Consultants from Burns & McDonnell told the Public Utility Advisory Board on July 10 that the city’s sewer utility needs roughly $25 million in capital investment between 2026 and 2030, including a nutrient‑removal project at the Rock Creek treatment plant estimated in the presentation for 2028. The consultant team presented two financial plans and corresponding rate designs to generate the revenue needed to pay operations, meet a PFM‑recommended minimum cash reserve and fund capital.
The first option would fund about 100% of the planned capital and reach the target cash balance a year sooner than the second option; the consultants said that option would increase a typical household sewer bill (a 3/4‑inch meter using about 600 cubic feet per month) by about $5.50 in 2026 compared with 2025. The second option would produce a lower year‑one bill increase — about $4.11 for the same representative customer — but would only fund roughly 80% of the CIP as presented and would require roughly $5 million of the planned capital be deferred or reduced.
Alex Craven, the consultant who led the study, said the work followed a two‑step approach: build a multiyear cash‑flow model to determine how much incremental revenue is needed, and then design rates that recover that revenue. Craven said a guiding principle was to “mitigate the felt impact of rate shock through doing really large single increases,” favoring steadier annual changes. He also said, “We do not propose any increase to that regulatory compliance fee,” which the consultants left at $12 per bill per month in their models; that fee currently funds the utility’s existing debt service.
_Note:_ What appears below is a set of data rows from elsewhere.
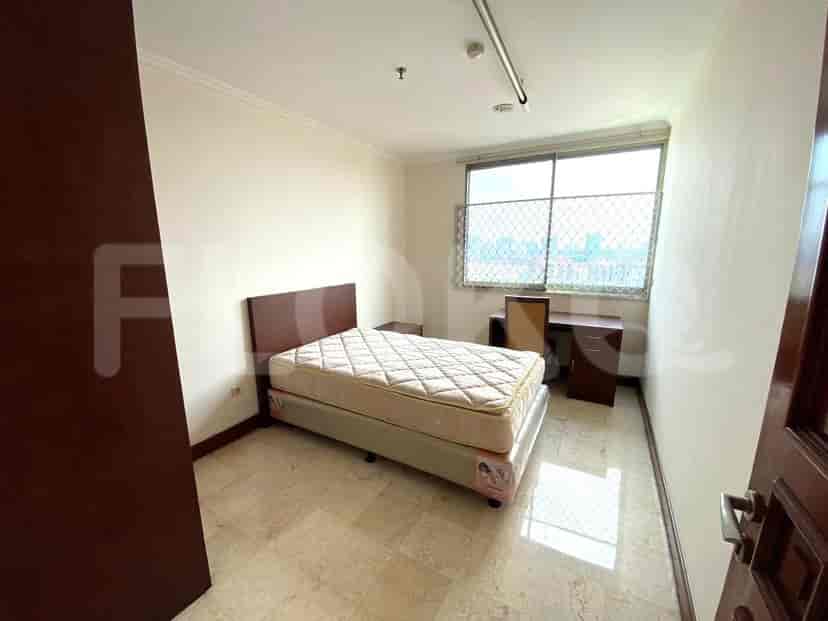 Bedroom with a bed, nightstand, and desk.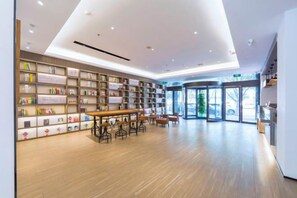 Een moderne bibliotheek met boekenkasten, een houten tafel en een glazen ingang.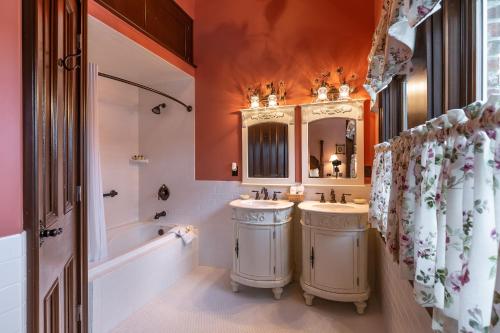 a bathroom with two sinks and a tub and a mirror at Steele Mansion Inn & Gathering Hub in Painesville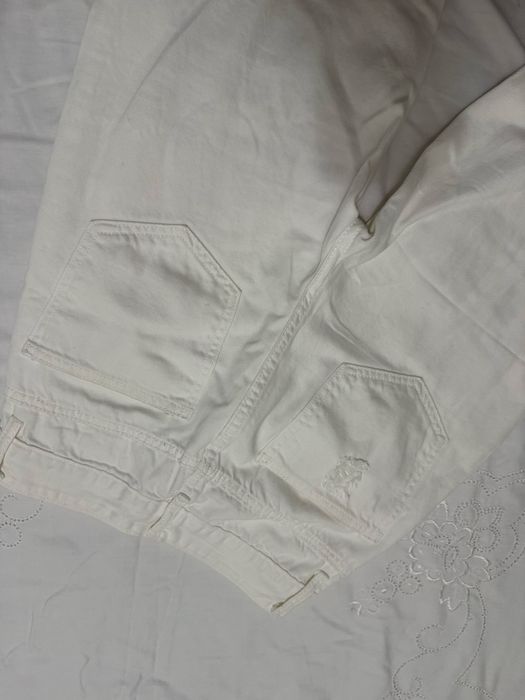 рванные белый брюки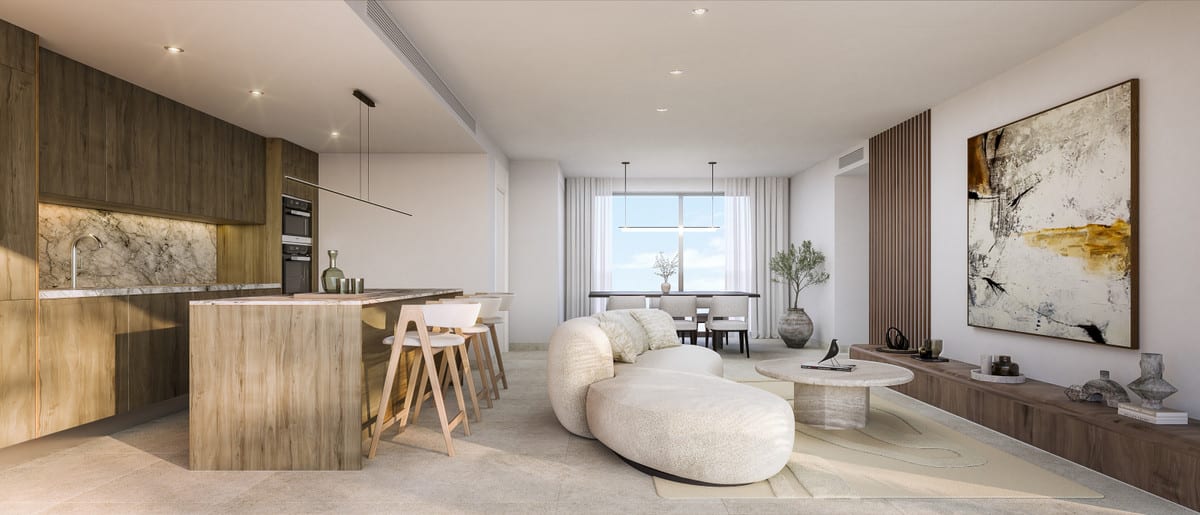 Project visualisation of CORE HIGUERON FASE II featuring an open-plan kitchen with dark wooden cabinetry, a marble-effect splashback, a kitchen island with bar stools and a bright living room with an abstract painting.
The presentation included regional benchmarking; the consultants showed Independence’s existing average wastewater bill for a customer using 600 cubic feet near a sample average of about $57.50. They also briefed the board on industry trends the team said are putting upward pressure on sewer costs: lower use per account that reduces variable revenue, inflationary pressure on operating and capital inputs (including ductile iron pipe), aging buried infrastructure, and more stringent water‑quality requirements. On regulations, board member Michael Talcott asked whether new rules were imminent. Lisa (staff) and a consultant replied they expect nitrogen and phosphorus removal requirements but said timing and numeric limits remain unclear; the study includes a placeholder amount in the CIP pending state guidance and pilot testing.
Consultants recommended option 1 as the more resilient path because it fully funds the CIP and meets the reserve policy earlier; they said some utilities also adopt an annual CPI‑based revenue adjustment as a policy matter to help keep pace with rising costs. The consultants noted there have been no sewer rate increases since 2020.
No formal vote or rate adoption occurred at the July 10 advisory board meeting. The consultants asked the board for a recommendation if it was ready; board members requested time to review and asked to consider the topic again at a future meeting. The same study will be presented to the City Council at a July 14 study session, according to the consultants.